** Dataset content **
# # #

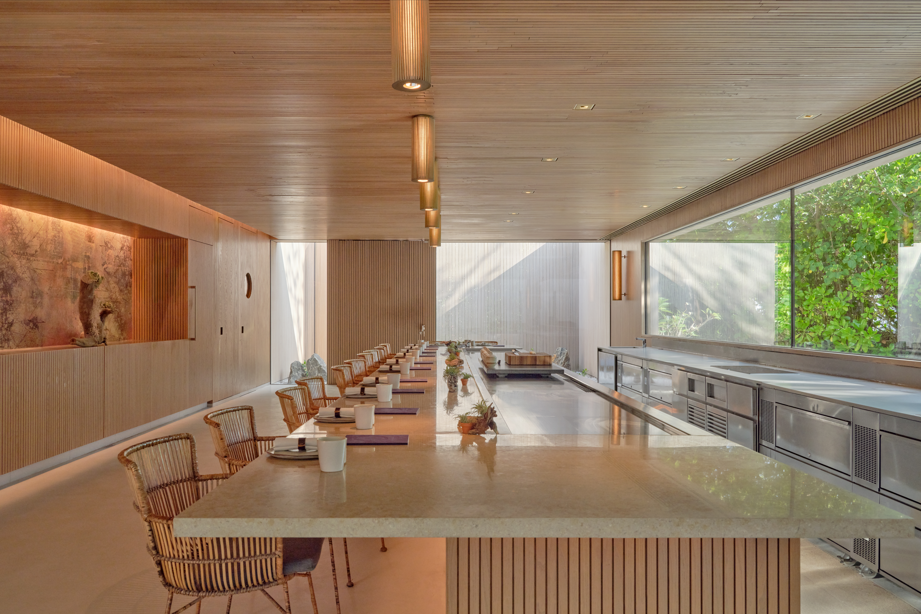 Modern, wooden dining area with a long table and wicker chairs. Large windows showing greenery. Warm lighting creates a cosy atmosphere.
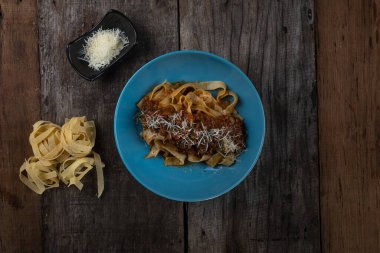 Tahta masaya izole edilmiş fettuccini makarnalı baharatlı makarna manzarası.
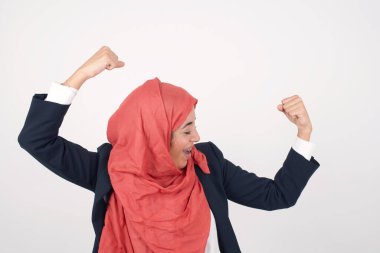 Evet, ben kazandım. Zevkli ve heyecanlı Müslüman kadın portresi zafer ve zaferle yumruklarını kaldırıyor zaferle gülümsüyor zevkten sırıtıyor..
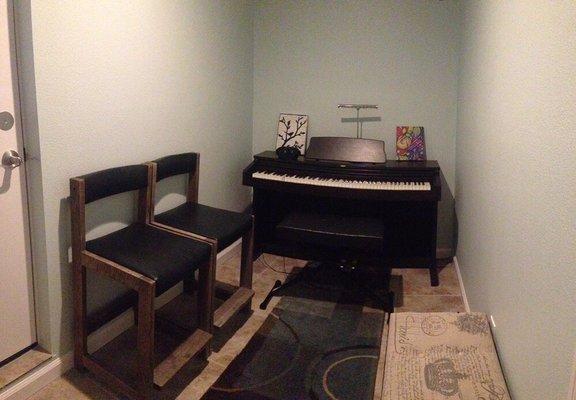 Waiting room with Korg digital piano for students to warm up and free WiFi.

# # #

** Exercise **
Write the data above out again exactly, every line of it, and exclude the pictures.

** Solution to the exercise **
 Modern, wooden dining area with a long table and wicker chairs. Large windows showing greenery. Warm lighting creates a cosy atmosphere.
 Tahta masaya izole edilmiş fettuccini makarnalı baharatlı makarna manzarası.
 Evet, ben kazandım. Zevkli ve heyecanlı Müslüman kadın portresi zafer ve zaferle yumruklarını kaldırıyor zaferle gülümsüyor zevkten sırıtıyor..
 Waiting room with Korg digital piano for students to warm up and free WiFi.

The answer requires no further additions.